Some North Carolinians who work for state government may receive raises of up to 28 percent, legislative leaders announced Thursday.
Leaders in the N.C. General Assembly have yet to officially approve budget changes or to even reveal their full plan, which is likely to pass. (Republicans hold a supermajority and can override Democratic Gov. Roy Cooper if he vetoes their legislation.)
But Thursday, key budget writers announced they plan to raise the minimum annual salary of full-time state employees to $31,200 — or give a 2 percent raise if a salary is already at that level or higher.
Currently the lowest full-time salary is $24,332 a year. About 12 percent of the state's workforce will get a boost with a raise to $31,200, which equates to $15 an hour. All full-time state employees will get a 2 percent raise and five more nonexpiring bonus leave days.
"That is life-changing money," said Rob Broome, executive director of the State Employees Association of North Carolina.
State Sens. Harry Brown of Jacksonville and Brent Jackson of Autryville, as well as Rep. Nelson Dollar of Cary are lead Republican budget writers and Broome joined them at the Capitol in Raleigh for Thursday's announcement. Republican leaders said that, in total, the budget will direct more than $200 million in additional funding toward pay raises for state employees.

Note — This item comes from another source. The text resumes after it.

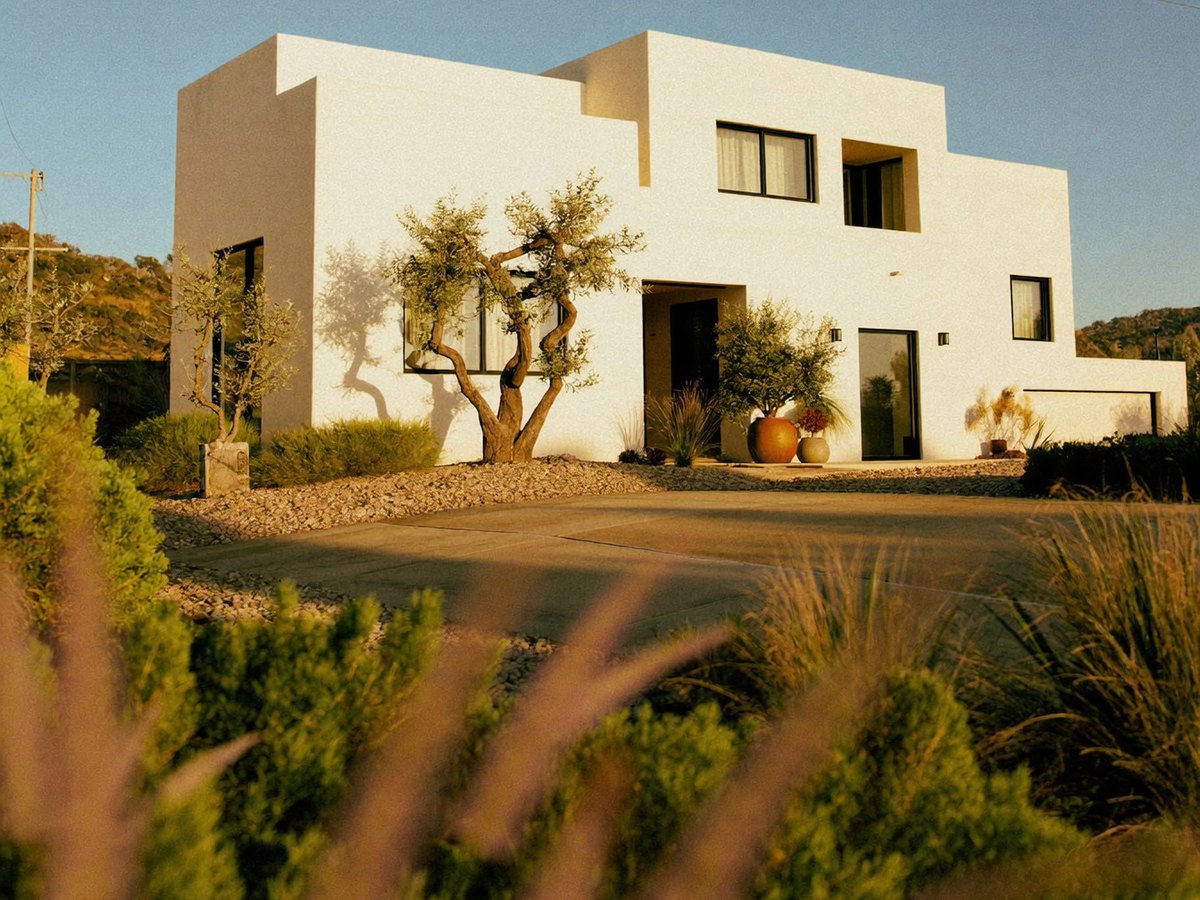 A modern white California home at golden hour, financed through a mortgage broker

Of that, $20 million will go to public university employees and $24 million will go to community college employees. The UNC Board of Governors and NC Community College System will determine how those funds are distributed.
Raises for grade-school teachers — who recently held a massive march through downtown Raleigh for higher pay — will likely be announced later this week, Brown said.

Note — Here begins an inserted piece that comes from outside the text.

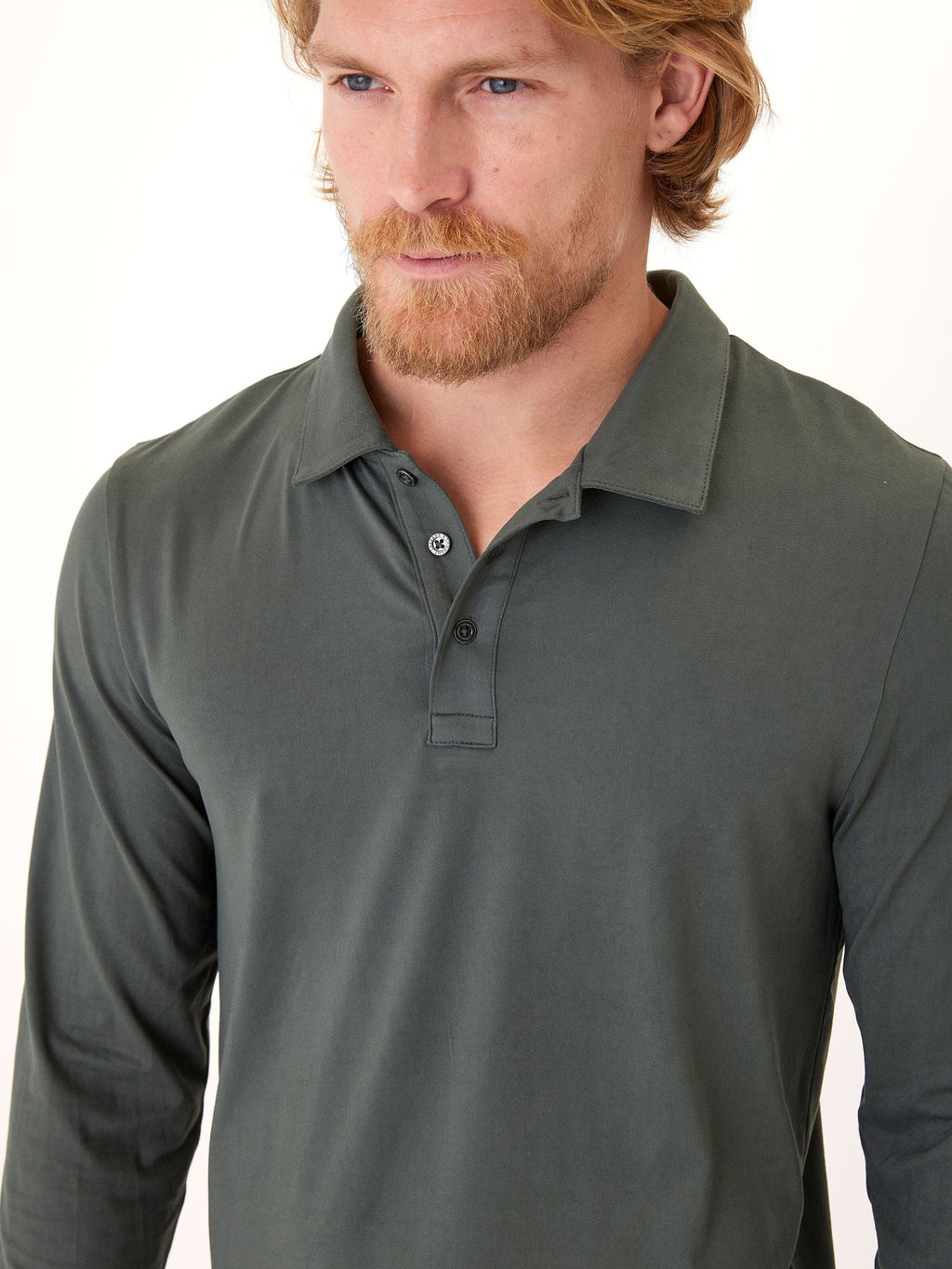 Close-up of Luxe Jersey Long Sleeve Polo featuring soft stretch fabric and classic collar design.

“This budget agreement proves it is possible to provide meaningful raises to our state employees while still demonstrating fiscal discipline, living within our means and allowing taxpayers to keep more of their hard-earned money,” Jackson said.

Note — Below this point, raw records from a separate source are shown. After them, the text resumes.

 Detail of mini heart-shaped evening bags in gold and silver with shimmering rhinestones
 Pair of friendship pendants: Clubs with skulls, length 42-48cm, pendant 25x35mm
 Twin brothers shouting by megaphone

North Carolina officials are in the middle of adjusting the system for how state employees are paid, and part of that is a review of the appropriate pay scale for every type of government job.
Democratic leaders did not respond to requests for comment.
The state's law enforcement community was specifically identified in the announcement.
Base pay for entry-level Highway Patrol officers will rise to $44,000 a year from about $39,000 a year, Brown and Dollar estimated.
Raises for troopers will average out at 8 percent, they said. Top trooper pay will reach $64,200 a year, and legislators said their plan will accelerate the time frame for a trooper to get to top pay to six years. It's unclear what the average time frame is currently.
The legislators also unveiled raises for correctional officers, for whom they've expressed safety concerns.
Four people died during an inmate escape attempt at Pasquotank Correctional Institution in Elizabeth City on Oct. 12, and a prison worker was killed by an inmate at Bertie Correctional Institution on April 26.
Dollar and Brown announced raises and benefit expansions that they hope will help the state retain prison workers. Correctional officers in state prisons will get a 4 percent raise.